The board also should receive anti-corruption compliance briefings and training on a regular basis. While the U.S. government recommends that compliance officers report to the board at least annually on the implementation and effectiveness of the compliance program, my firm recommends quarterly presentations to the board on any ongoing internal investigations, general developments in anti-corruption laws and recent enforcement actions and trends, specific compliance challenges the company is facing, and what is being done to address those challenges.
Finally, the board should maintain an open line of communication with the company’s compliance team. This can be accomplished in various ways, for example, through written direction to bring any suspect matter or concern to the audit committee promptly, without waiting for the next regularly scheduled meeting. As recently noted by Joan Meyer in a presentation to National Association of Corporate Directors directors, “There should be a direct, unobstructed line of communications between the compliance function and the board.3 Boards need to hear directly from the corporate compliance officers for the ‘unvarnished truth’ that could get diluted when only the general counsel reports to the board.”

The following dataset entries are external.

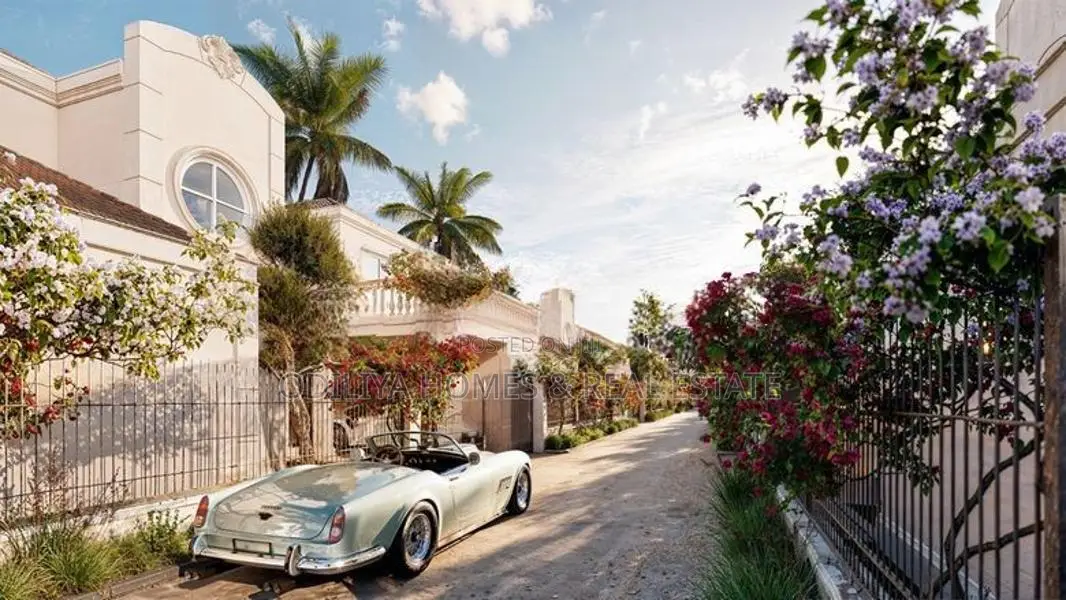 Gated community with no common cost luxury Villas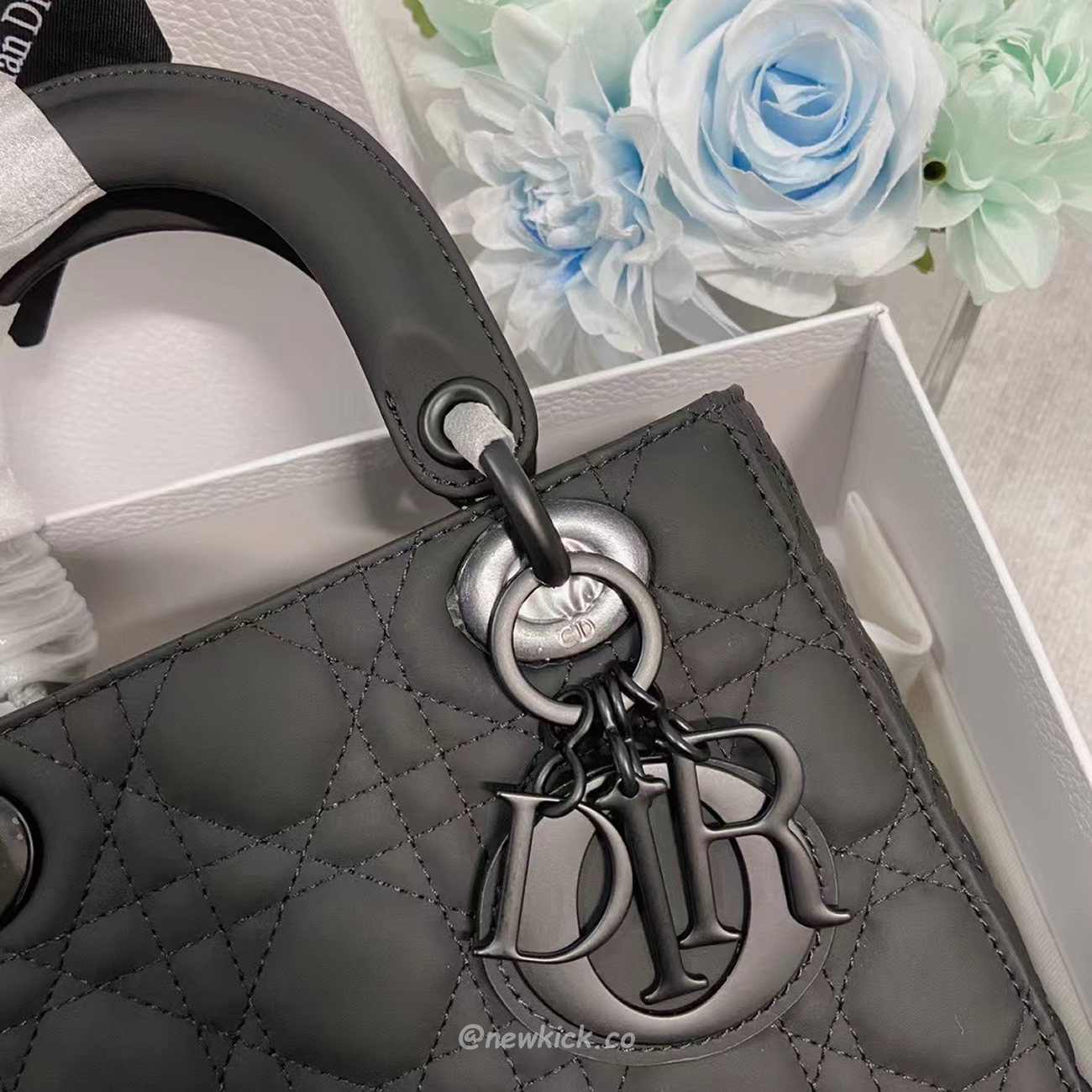 Dior My Lady Abc Black Ultra Matte Canage Calfskin With Rattan Pattern M0538sloi M989 (5) - www.kitistry.com Dior My Lady Abc Black Ultra Matte Canage Calfskin With Rattan Pattern M0538sloi M989 (5) - www.kitistry.com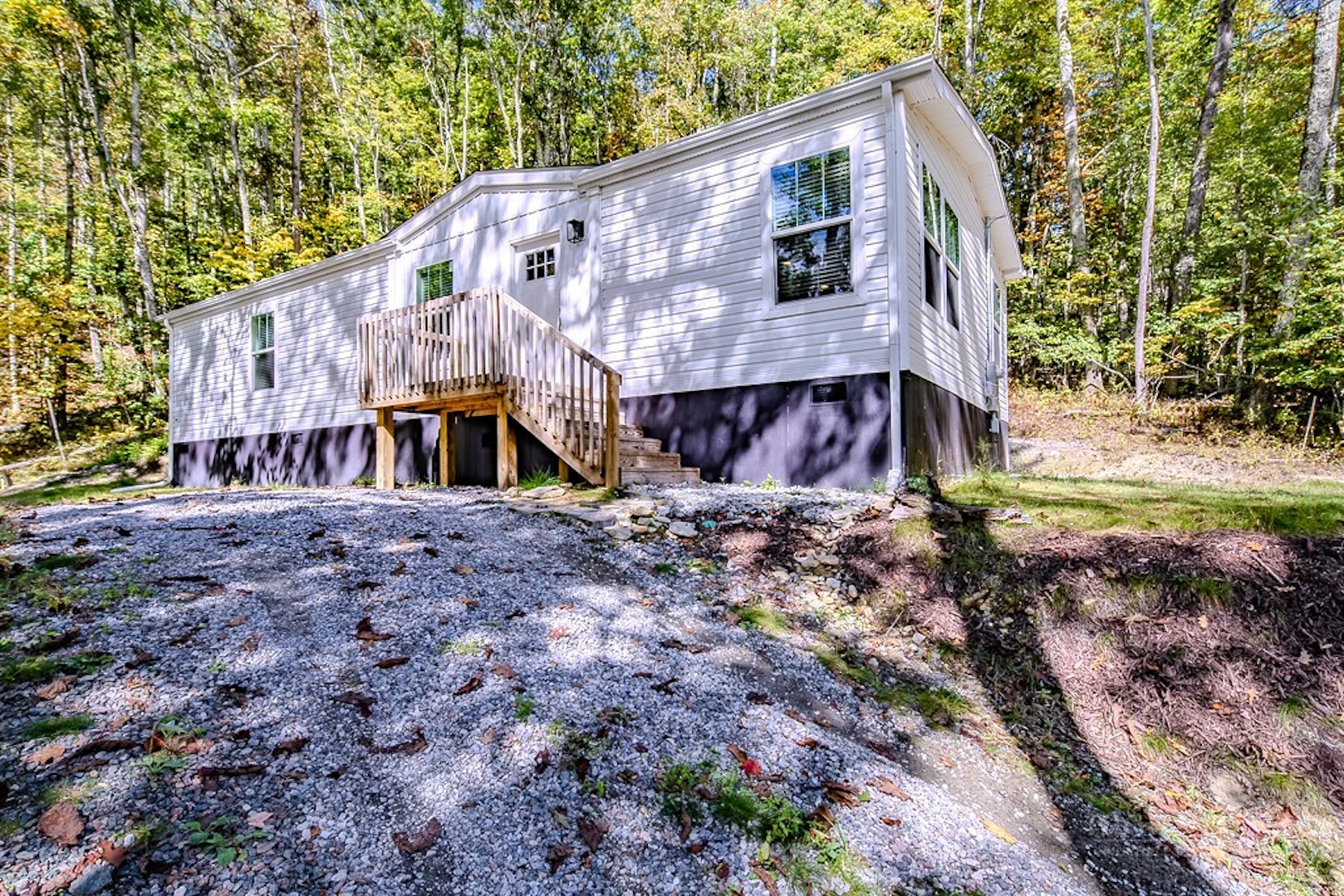 Image number 3 for the current listing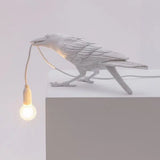 Glücksvogel Tischleuchte aus Kunstharz – Moderne LED Design Tischlampe | Dekorative Ambienteleuchte | Stilvolle Nachttischlampe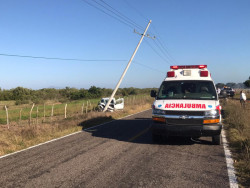 Automovilista se impacta con poste y queda lesionado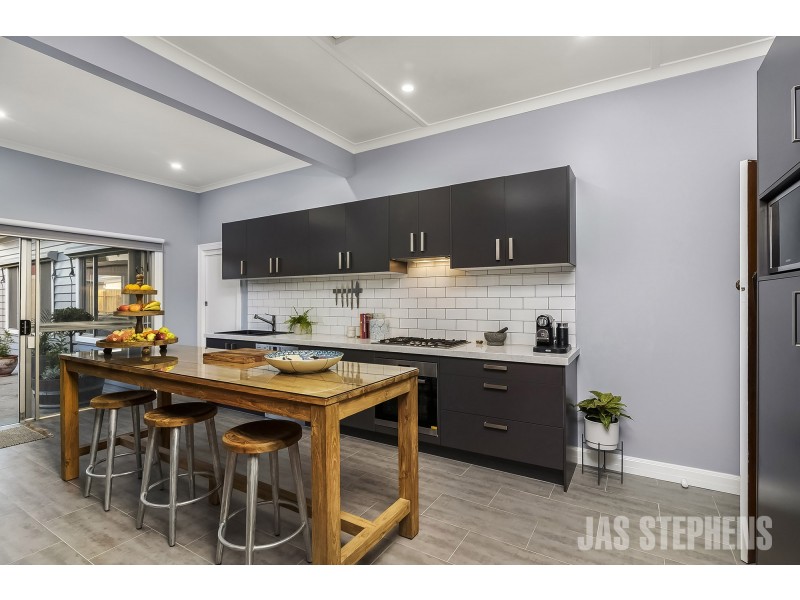 7 Albion Street, Kingsville VIC 3012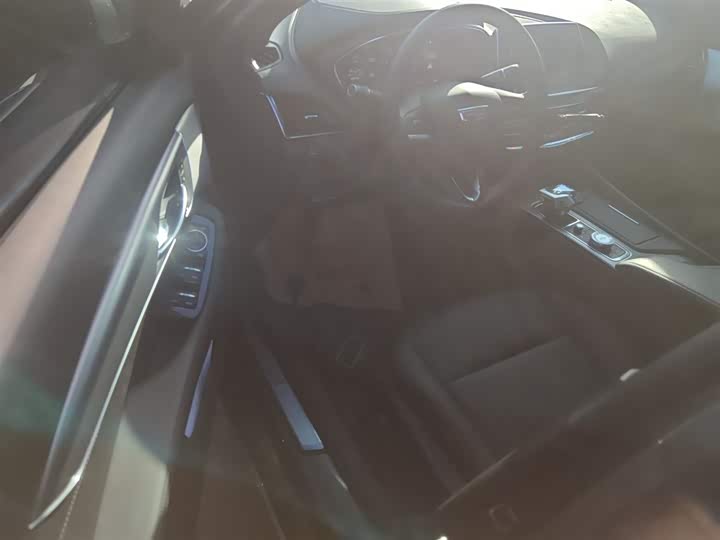 Фото 16 - Cadillac CT5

The changed business environment has created new and increased FCPA compliance risks for companies in the A&D industry. The U.S. government takes the position that companies’ boards of directors are responsible for being knowledgeable about and exercising reasonable oversight over their companies’ compliance programs to address this compliance risk. Recent case law indicates that both companies and their directors may face liability under the FCPA for failure to properly fulfill this responsibility.
By taking the actions noted above to demonstrate that it takes its governance responsibilities with respect to anti-corruption compliance seriously, the board (along with senior management) will set the proper tone for the company and help to establish and maintain a culture of compliance throughout the entire organization.
Of course, in taking these actions, there is no substitute for genuine interest and commitment on the part of the directors to ensuring the company’s strict compliance with the FCPA. There also is no substitute for the careful exercise of their judgment in identifying and addressing the FCPA compliance risks that are certain to arise in the course of doing business internationally. Taking these actions with the requisite commitment to compliance and exercise of informed judgment will help protect the company and its directors, officers and employees from potentially draconian criminal and civil penalties under the FCPA and other applicable anti-corruption laws and will best serve the interests of the company and its shareholders.